*** Opening DATASET EXCERPTS ***
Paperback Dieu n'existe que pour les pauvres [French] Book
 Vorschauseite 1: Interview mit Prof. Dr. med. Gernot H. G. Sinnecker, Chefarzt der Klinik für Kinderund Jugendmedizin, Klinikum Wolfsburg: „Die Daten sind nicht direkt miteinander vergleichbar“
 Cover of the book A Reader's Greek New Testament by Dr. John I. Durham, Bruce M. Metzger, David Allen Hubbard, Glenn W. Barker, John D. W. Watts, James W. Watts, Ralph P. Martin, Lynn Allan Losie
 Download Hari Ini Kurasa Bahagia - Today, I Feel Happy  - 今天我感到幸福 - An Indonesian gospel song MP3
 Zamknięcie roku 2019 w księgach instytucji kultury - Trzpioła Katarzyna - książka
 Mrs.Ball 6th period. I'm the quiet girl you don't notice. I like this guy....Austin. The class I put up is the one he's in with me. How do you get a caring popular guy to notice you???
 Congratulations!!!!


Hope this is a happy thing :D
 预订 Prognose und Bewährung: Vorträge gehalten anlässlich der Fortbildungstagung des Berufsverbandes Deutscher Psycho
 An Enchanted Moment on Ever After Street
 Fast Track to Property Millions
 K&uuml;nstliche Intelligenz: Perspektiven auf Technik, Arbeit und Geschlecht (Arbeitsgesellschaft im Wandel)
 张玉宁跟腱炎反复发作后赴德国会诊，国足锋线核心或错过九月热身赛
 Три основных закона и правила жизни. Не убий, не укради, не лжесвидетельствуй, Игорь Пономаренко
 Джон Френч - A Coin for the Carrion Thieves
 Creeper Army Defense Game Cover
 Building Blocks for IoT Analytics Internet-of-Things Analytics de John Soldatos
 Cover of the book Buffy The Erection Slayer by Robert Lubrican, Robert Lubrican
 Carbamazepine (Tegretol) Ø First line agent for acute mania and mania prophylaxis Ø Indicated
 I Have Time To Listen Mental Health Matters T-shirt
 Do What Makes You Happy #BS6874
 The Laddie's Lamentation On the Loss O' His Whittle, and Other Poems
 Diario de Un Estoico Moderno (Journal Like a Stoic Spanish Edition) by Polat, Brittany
*** Closing DATASET EXCERPTS ***
**ACTIVITY**
Where does the string "this" occur in the material? Copy every line where it does.

**ANSWER SECTION**
 Mrs.Ball 6th period. I'm the quiet girl you don't notice. I like this guy....Austin. The class I put up is the one he's in with me. How do you get a caring popular guy to notice you???
Hope this is a happy thing :D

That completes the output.